- Action item -
Write out the stretch of lines below that begins at the line with "Diseño Del Logotipo" and ends at the line with "Vibrant Teal Orange Sunburst Pattern Rug", including both, exactly as given and nothing more.

- Data to use -
⟨
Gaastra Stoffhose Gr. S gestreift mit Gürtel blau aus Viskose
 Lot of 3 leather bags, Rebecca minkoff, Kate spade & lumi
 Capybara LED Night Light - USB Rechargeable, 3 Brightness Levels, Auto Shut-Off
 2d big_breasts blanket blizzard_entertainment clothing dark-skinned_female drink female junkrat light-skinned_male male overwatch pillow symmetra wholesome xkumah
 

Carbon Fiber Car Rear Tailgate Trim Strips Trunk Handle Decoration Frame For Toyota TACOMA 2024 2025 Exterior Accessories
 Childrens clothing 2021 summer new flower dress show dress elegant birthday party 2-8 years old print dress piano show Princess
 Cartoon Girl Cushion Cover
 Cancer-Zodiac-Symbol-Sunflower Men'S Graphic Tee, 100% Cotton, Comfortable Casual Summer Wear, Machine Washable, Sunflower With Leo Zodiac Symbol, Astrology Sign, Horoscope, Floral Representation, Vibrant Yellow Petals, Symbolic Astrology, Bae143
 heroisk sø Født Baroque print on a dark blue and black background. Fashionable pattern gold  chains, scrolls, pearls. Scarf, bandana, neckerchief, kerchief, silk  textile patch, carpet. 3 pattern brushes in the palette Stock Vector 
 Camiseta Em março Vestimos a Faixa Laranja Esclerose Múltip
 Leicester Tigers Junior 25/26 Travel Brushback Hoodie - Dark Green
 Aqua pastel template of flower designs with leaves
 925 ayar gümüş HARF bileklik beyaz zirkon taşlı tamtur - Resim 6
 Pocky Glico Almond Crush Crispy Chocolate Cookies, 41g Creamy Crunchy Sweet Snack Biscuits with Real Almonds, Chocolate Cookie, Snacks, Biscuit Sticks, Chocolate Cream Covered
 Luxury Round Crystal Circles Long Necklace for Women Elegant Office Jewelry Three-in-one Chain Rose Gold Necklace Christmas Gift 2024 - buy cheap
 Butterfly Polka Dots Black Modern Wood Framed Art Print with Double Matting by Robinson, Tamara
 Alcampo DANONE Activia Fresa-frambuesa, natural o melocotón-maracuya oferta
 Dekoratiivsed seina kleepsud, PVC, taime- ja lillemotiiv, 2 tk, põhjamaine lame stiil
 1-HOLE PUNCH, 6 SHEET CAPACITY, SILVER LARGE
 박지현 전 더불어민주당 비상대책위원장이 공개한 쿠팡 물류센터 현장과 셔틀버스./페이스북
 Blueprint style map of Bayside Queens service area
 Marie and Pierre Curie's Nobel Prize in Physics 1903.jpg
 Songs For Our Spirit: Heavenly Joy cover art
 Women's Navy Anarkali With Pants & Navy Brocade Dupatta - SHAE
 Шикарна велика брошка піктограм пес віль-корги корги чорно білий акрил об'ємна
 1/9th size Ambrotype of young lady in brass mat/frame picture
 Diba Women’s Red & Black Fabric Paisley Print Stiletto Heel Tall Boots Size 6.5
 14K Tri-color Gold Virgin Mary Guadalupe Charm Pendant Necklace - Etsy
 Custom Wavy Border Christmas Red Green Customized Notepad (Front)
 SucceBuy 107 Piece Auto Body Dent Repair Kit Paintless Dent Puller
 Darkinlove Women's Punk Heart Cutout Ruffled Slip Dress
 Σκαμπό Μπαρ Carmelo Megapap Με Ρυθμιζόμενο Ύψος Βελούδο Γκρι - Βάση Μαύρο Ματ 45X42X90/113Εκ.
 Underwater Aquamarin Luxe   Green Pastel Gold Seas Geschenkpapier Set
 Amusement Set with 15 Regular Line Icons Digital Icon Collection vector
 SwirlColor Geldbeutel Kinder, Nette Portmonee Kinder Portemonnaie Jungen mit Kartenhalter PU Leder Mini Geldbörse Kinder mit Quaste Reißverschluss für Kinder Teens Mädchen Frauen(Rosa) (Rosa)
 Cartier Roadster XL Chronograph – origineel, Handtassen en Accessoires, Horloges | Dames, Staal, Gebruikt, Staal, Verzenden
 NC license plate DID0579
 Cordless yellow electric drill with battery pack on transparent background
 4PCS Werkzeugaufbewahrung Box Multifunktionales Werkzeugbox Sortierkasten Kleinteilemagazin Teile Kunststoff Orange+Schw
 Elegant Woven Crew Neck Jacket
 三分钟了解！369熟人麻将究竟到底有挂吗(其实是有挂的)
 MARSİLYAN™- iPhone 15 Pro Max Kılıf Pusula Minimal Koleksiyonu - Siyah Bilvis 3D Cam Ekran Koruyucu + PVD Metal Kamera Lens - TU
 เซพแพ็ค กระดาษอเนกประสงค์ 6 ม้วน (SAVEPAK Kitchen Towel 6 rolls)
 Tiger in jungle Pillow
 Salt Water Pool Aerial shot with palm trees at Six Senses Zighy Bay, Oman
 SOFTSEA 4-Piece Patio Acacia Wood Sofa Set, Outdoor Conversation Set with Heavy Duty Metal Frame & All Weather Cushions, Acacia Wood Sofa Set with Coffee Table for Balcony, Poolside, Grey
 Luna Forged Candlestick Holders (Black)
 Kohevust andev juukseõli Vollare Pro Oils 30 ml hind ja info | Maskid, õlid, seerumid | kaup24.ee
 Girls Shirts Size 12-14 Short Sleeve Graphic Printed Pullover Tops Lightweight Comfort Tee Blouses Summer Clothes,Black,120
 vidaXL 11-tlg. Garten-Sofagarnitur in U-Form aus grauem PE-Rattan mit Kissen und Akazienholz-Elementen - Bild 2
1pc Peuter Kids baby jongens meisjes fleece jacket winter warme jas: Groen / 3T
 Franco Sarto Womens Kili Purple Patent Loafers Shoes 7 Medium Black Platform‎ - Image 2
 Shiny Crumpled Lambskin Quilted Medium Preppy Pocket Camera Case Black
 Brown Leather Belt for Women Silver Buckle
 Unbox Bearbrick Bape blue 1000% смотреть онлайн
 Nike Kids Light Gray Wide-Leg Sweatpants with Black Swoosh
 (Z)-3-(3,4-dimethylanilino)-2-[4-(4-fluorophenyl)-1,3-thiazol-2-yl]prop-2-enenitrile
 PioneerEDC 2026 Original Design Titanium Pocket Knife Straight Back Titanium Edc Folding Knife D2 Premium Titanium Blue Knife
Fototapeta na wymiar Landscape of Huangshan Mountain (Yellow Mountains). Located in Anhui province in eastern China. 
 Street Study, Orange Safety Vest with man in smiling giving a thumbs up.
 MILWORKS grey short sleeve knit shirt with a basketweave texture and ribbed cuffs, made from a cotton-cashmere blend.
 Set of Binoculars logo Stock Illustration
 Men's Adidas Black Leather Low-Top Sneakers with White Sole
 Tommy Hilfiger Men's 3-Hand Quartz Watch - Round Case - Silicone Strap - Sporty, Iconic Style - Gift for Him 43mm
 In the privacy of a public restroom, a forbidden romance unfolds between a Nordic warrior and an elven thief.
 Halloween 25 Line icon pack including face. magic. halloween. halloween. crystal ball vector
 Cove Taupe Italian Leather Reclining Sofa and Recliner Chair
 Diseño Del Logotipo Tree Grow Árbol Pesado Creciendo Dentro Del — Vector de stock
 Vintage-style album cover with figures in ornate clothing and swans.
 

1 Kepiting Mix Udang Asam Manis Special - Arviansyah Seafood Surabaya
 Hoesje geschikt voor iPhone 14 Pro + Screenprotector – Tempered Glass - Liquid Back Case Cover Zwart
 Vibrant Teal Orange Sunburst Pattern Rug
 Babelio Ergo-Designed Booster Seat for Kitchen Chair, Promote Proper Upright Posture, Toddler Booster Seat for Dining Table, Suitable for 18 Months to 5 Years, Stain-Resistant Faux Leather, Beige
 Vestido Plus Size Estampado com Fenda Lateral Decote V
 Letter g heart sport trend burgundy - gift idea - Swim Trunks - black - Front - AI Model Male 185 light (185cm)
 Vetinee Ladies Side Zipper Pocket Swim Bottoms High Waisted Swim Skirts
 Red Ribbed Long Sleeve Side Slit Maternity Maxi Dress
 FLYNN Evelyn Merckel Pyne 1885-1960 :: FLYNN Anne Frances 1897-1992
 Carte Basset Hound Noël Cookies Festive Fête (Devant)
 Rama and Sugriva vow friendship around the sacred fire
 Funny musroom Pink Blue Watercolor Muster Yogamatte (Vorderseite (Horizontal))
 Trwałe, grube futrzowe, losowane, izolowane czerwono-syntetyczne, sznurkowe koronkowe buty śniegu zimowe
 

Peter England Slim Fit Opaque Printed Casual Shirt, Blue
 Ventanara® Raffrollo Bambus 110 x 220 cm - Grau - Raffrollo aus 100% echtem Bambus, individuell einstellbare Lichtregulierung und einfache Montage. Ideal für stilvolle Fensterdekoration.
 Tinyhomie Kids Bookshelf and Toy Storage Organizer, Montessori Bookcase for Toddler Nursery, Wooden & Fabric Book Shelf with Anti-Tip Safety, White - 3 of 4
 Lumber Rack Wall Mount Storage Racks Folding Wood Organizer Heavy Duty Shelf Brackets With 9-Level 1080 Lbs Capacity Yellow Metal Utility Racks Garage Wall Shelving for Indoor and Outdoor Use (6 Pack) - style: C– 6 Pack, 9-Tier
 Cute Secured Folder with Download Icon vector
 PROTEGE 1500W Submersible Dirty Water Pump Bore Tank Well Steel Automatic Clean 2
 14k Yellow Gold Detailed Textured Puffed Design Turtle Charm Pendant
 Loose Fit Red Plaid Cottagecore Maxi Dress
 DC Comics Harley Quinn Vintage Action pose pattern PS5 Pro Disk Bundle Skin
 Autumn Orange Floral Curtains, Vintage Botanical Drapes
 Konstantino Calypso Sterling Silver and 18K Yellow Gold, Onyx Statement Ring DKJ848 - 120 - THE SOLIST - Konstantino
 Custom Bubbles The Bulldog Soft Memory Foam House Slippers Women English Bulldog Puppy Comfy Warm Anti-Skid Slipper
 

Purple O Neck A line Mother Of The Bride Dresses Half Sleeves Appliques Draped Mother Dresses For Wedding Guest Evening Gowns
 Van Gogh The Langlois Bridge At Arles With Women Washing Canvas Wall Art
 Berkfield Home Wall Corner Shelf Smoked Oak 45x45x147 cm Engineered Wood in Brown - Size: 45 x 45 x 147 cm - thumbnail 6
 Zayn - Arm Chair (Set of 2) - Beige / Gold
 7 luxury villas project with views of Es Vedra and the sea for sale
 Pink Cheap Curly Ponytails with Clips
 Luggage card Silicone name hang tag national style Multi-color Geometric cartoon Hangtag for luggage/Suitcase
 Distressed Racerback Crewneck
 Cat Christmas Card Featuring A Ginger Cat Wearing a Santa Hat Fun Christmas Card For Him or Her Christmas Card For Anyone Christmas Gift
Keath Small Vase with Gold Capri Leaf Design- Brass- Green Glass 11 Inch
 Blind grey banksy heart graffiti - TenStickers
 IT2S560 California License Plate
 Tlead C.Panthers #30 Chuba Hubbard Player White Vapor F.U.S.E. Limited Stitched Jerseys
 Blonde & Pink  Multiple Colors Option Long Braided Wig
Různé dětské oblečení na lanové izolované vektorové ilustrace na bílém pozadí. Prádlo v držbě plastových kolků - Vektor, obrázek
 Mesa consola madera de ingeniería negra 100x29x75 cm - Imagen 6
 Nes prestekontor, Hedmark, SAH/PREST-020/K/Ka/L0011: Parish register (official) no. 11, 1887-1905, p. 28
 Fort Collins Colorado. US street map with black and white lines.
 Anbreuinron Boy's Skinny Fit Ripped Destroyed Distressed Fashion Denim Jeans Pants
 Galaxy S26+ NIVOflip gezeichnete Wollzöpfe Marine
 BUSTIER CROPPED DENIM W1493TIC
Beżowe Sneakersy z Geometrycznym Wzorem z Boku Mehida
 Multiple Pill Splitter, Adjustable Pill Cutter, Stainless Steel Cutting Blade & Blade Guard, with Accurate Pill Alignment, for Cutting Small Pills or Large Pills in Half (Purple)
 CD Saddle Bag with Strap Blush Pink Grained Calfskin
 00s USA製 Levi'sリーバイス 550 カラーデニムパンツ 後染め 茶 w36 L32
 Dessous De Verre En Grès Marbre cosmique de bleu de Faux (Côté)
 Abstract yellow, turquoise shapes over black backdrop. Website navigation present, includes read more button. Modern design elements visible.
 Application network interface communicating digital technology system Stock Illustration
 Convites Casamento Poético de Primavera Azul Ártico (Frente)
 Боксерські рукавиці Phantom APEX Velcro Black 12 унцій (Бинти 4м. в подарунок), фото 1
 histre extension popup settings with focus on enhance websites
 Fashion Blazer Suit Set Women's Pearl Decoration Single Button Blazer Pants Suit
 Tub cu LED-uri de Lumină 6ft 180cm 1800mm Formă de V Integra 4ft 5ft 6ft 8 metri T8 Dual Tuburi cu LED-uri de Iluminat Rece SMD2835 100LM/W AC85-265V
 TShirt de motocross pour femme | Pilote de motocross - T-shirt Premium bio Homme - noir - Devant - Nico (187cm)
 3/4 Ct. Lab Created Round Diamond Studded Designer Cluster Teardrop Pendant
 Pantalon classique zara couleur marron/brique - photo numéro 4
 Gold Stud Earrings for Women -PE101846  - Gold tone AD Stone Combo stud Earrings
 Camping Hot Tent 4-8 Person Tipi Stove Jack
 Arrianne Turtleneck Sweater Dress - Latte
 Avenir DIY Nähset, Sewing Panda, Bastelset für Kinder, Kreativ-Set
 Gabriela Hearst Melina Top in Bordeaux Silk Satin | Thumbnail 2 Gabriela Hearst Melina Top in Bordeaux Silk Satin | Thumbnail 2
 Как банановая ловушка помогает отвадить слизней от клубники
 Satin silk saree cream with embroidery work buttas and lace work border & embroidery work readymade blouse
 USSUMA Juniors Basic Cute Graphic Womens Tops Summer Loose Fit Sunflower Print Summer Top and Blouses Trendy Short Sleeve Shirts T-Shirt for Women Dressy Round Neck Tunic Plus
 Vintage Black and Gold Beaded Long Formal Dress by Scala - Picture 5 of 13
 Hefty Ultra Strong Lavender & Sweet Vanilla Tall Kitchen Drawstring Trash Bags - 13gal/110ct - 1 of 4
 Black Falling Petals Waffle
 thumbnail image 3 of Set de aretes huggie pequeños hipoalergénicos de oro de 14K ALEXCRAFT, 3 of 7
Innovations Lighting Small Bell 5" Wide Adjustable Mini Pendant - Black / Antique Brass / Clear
⟩
- Solution to this exercise -
 Diseño Del Logotipo Tree Grow Árbol Pesado Creciendo Dentro Del — Vector de stock
 Vintage-style album cover with figures in ornate clothing and swans.
 

1 Kepiting Mix Udang Asam Manis Special - Arviansyah Seafood Surabaya
 Hoesje geschikt voor iPhone 14 Pro + Screenprotector – Tempered Glass - Liquid Back Case Cover Zwart
 Vibrant Teal Orange Sunburst Pattern Rug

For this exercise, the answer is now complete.